Molecule substitution: Attach ligands to substrates

../../_images/MoleculeSubstitution_20_0.png ../../_images/MoleculeSubstitution_22_0.svg

Script showing how to created substituted benzene molecules using PLAMS, by combining a benzene molecule with a different molecule and defining one bond on each molecule (the “connector”) to break and where a new bond will be formed.

Note: This example requires AMS2023 or later.

To follow along, either

Worked Example

Initial imports

from scm.plams import *
import matplotlib.pyplot as plt
from rdkit import Chem
from rdkit.Chem import Draw
from rdkit.Chem.Draw import IPythonConsole
from rdkit.Chem import AllChem
from typing import List

IPythonConsole.ipython_useSVG = True
IPythonConsole.molSize = 250, 250

Helper class and function

The MoleculeConnector class and substitute() method below are convenient to use.

class MoleculeConnector:
    def __init__(self, molecule, connector, name="molecule"):
        self.name = name
        self.molecule = molecule
        self.molecule.properties.name = name
        self.connector = connector  # 2-tuple of integers, unlike the Molecule.substitute() method which uses two atoms

    def __str__(self):
        return f"""
Name: {self.name}
{self.molecule}
Connector: {self.connector}. This means that when substitution is performed atom {self.connector[0]} will be kept in the substituted molecule.
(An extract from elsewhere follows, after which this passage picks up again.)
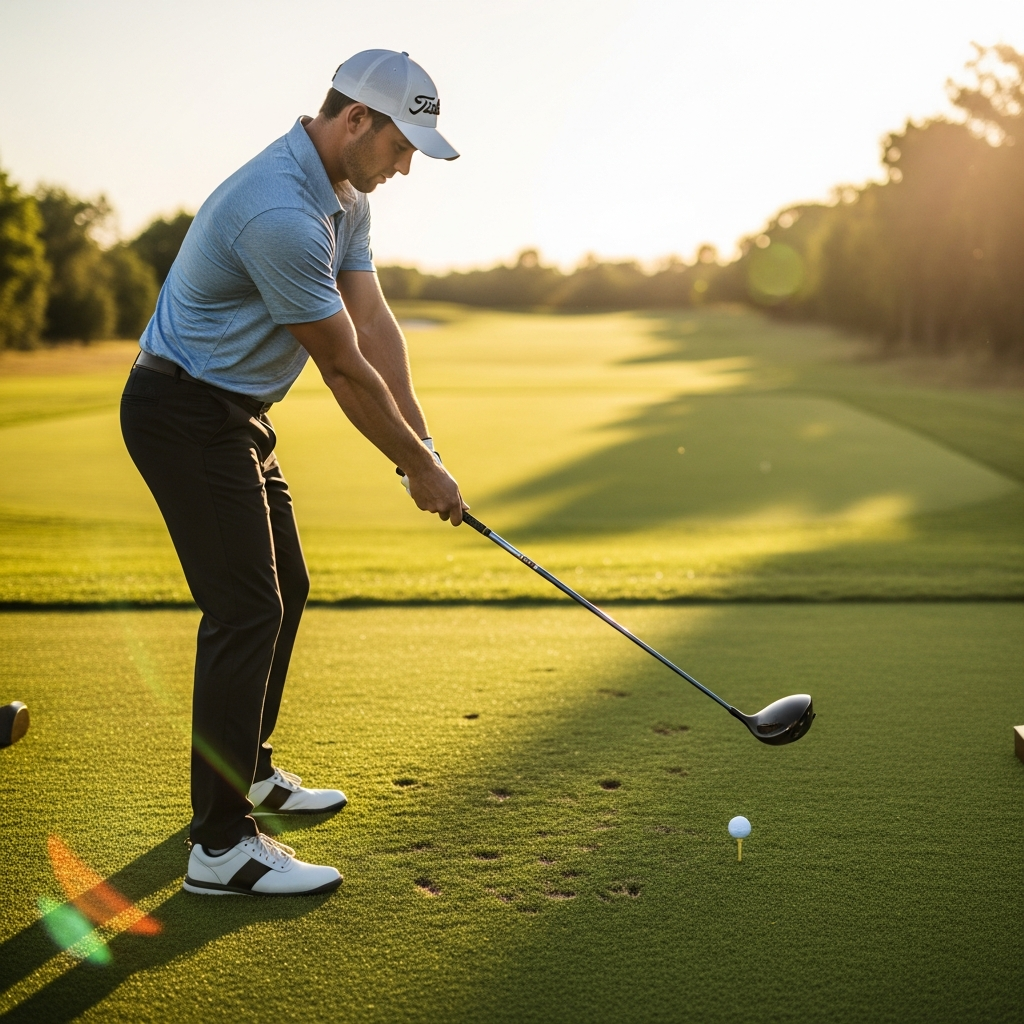 Banish Your Slice: PGA-Proven Drills and Techniques for Straighter Drives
Atom {self.connector[1]}, and anything connected to it, will NOT be kept.
        """


def substitute(substrate: MoleculeConnector, ligand: MoleculeConnector):
    """
    Returns: Molecule with the ligand added to the substrate, replacing the respective connector bonds.
    """
    molecule = substrate.molecule.copy()
    molecule.substitute(
        connector=(molecule[substrate.connector[0]], molecule[substrate.connector[1]]),
        ligand=ligand.molecule,
        ligand_connector=(ligand.molecule[ligand.connector[0]], ligand.molecule[ligand.connector[1]]),
    )
    return molecule


def set_atom_indices(rdmol: Chem.rdchem.Mol, start=0):
    for atom in rdmol.GetAtoms():
        atom.SetAtomMapNum(atom.GetIdx() + start)  # give 1-based index
    return rdmol


def to_lewis(molecule: Molecule, template=None, regenerate: bool = True):
    if isinstance(molecule, Chem.rdchem.Mol):
        rdmol = molecule
    else:
        rdmol = to_rdmol(molecule)
    if regenerate:
        rdmol = Chem.RemoveHs(rdmol)
        smiles = Chem.MolToSmiles(rdmol)
        rdmol = Chem.MolFromSmiles(smiles)
    if template is not None:
        AllChem.GenerateDepictionMatching2DStructure(rdmol, template)
    try:
        if molecule.properties.name:
            rdmol.SetProp("_Name", molecule.properties.name)
    except AttributeError:
        pass
    return rdmol


def smiles2template(smiles: str):
    template = Chem.MolFromSmiles(smiles)
    AllChem.Compute2DCoords(template)
    return template


def draw_lewis_grid(
    molecules: List[Molecule],
    molsPerRow: int = 4,
    template_smiles: str = None,
    regenerate: bool = False,
    draw_atom_indices: bool = False,
    draw_legend: bool = True,
):
    template = None
    if template_smiles:
        template = smiles2template(template_smiles)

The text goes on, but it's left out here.